*** Opening INFORMATION SUPPLIED ***
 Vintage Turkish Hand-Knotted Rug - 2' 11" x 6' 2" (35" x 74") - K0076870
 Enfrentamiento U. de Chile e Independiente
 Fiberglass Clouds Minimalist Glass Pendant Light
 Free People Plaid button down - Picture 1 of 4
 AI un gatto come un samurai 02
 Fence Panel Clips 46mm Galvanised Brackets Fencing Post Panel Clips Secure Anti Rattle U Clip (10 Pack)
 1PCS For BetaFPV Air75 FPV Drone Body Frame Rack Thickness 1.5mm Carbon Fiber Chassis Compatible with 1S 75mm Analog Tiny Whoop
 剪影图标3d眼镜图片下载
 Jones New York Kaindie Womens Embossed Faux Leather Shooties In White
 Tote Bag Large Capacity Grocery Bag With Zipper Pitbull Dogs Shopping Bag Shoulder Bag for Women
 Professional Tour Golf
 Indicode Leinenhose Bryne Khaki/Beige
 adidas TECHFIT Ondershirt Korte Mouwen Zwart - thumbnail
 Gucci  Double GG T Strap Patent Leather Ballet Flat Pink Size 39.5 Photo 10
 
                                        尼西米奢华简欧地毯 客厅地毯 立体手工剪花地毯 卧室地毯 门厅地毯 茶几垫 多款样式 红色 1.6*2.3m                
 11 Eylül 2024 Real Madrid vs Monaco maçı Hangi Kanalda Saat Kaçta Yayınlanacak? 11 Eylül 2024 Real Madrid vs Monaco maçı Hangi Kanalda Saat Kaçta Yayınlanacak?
*** Closing INFORMATION SUPPLIED ***
The answer must be the lines from the one containing "adidas TECHFIT Ondershirt" to the final line of the data above, copied exactly, both included, with nothing added.

 adidas TECHFIT Ondershirt Korte Mouwen Zwart - thumbnail
 Gucci  Double GG T Strap Patent Leather Ballet Flat Pink Size 39.5 Photo 10
 
                                        尼西米奢华简欧地毯 客厅地毯 立体手工剪花地毯 卧室地毯 门厅地毯 茶几垫 多款样式 红色 1.6*2.3m                
 11 Eylül 2024 Real Madrid vs Monaco maçı Hangi Kanalda Saat Kaçta Yayınlanacak? 11 Eylül 2024 Real Madrid vs Monaco maçı Hangi Kanalda Saat Kaçta Yayınlanacak?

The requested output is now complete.